WHAT IS REQUIRED
Find the word "like" in the listing below. Copy every line that has it.
(DATA EXTRACT begins)
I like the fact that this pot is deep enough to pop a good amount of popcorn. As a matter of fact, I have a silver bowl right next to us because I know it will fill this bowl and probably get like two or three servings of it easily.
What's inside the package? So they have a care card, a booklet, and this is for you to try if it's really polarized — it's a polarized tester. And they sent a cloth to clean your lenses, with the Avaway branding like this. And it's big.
(DATA EXTRACT ends)
(DATA EXTRACT begins)
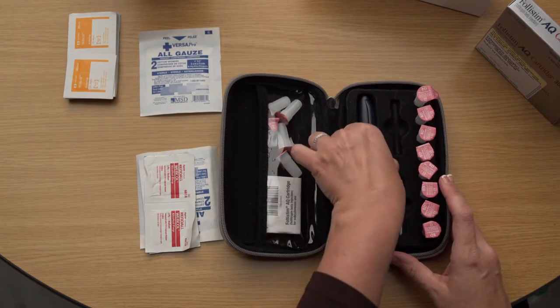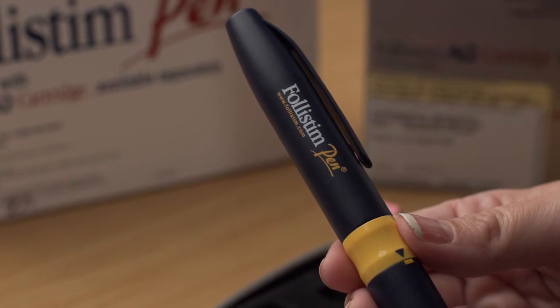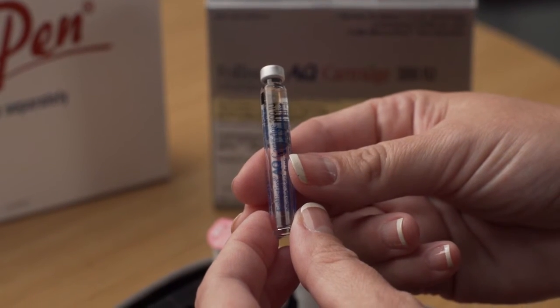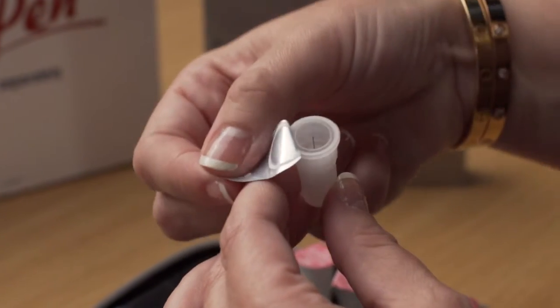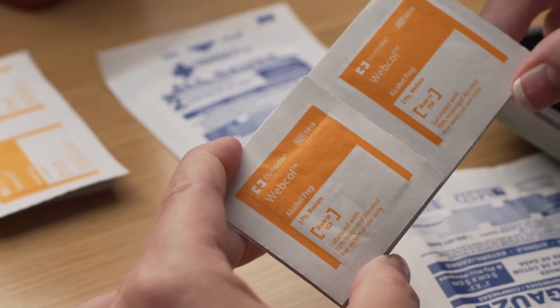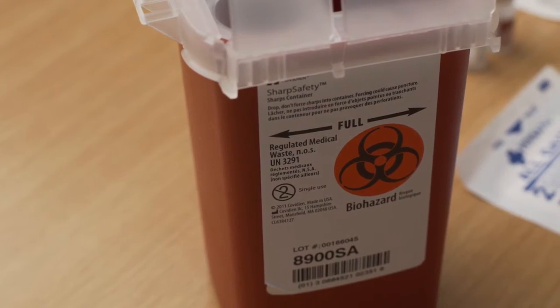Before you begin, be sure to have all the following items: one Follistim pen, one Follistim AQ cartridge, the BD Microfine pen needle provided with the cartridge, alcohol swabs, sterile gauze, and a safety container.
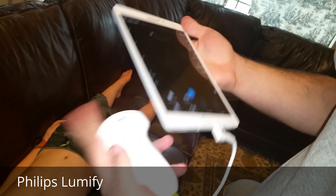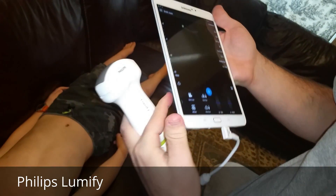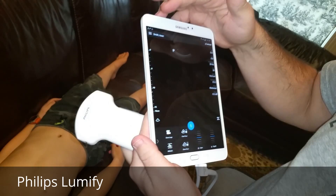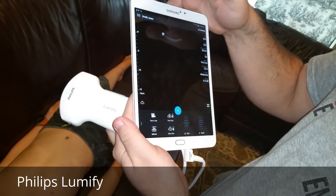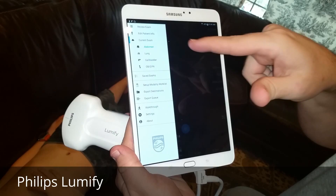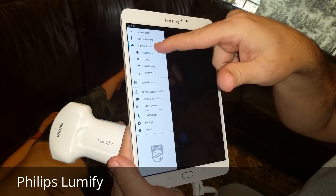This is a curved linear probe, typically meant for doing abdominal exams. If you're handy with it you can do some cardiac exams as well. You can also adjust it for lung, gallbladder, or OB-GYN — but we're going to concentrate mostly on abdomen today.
(DATA EXTRACT ends)
RESPONSE TO THIS EXERCISE
I like the fact that this pot is deep enough to pop a good amount of popcorn. As a matter of fact, I have a silver bowl right next to us because I know it will fill this bowl and probably get like two or three servings of it easily.
What's inside the package? So they have a care card, a booklet, and this is for you to try if it's really polarized — it's a polarized tester. And they sent a cloth to clean your lenses, with the Avaway branding like this. And it's big.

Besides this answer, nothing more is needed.